**How to complete this task:** Below are some records; output exactly the lines from the line with "Book cover of: Strategies" to the line with "MALOCCLUSION", both ends kept, and nothing more.

**Supplied data:**
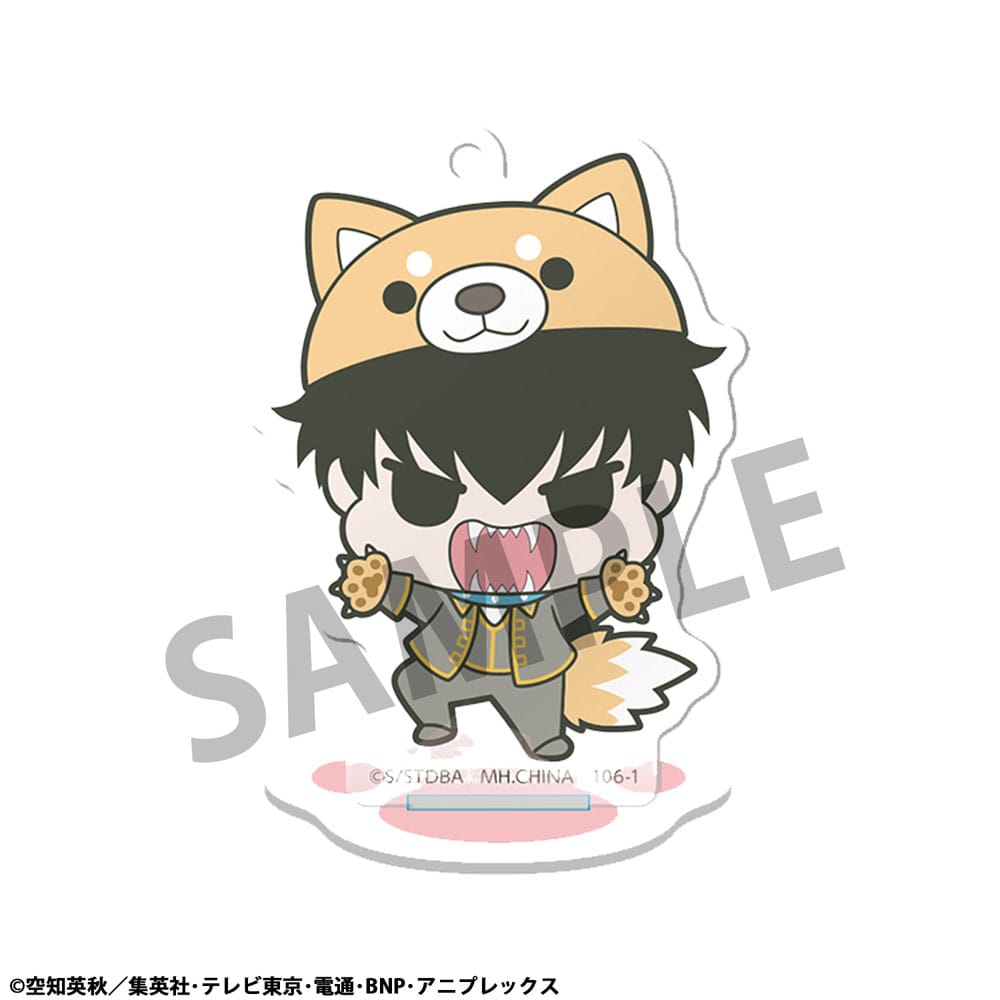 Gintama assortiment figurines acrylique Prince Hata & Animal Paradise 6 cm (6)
* * *
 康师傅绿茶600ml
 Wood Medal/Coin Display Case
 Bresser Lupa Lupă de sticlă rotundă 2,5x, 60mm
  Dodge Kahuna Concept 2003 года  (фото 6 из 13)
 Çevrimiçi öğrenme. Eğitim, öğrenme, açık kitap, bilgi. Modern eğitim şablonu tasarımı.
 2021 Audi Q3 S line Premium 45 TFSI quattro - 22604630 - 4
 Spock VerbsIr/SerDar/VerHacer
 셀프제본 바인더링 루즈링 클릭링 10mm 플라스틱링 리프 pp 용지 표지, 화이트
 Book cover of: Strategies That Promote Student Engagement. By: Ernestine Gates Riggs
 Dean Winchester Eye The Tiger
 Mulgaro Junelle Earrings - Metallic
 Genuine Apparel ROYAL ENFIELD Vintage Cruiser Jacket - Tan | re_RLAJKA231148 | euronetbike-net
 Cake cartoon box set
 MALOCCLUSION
* * *
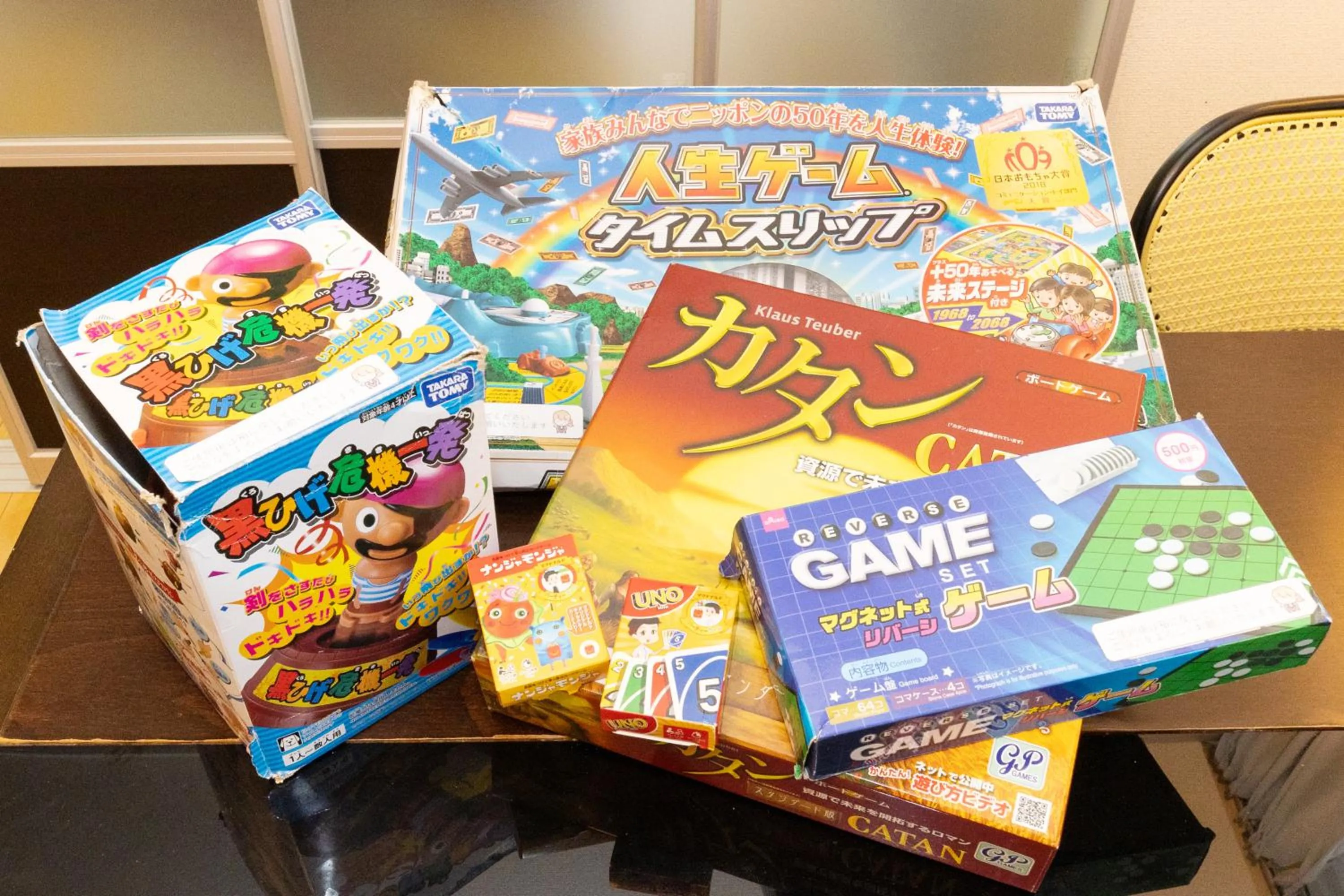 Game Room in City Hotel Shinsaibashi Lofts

**Exercise solution:**
 Book cover of: Strategies That Promote Student Engagement. By: Ernestine Gates Riggs
 Dean Winchester Eye The Tiger
 Mulgaro Junelle Earrings - Metallic
 Genuine Apparel ROYAL ENFIELD Vintage Cruiser Jacket - Tan | re_RLAJKA231148 | euronetbike-net
 Cake cartoon box set
 MALOCCLUSION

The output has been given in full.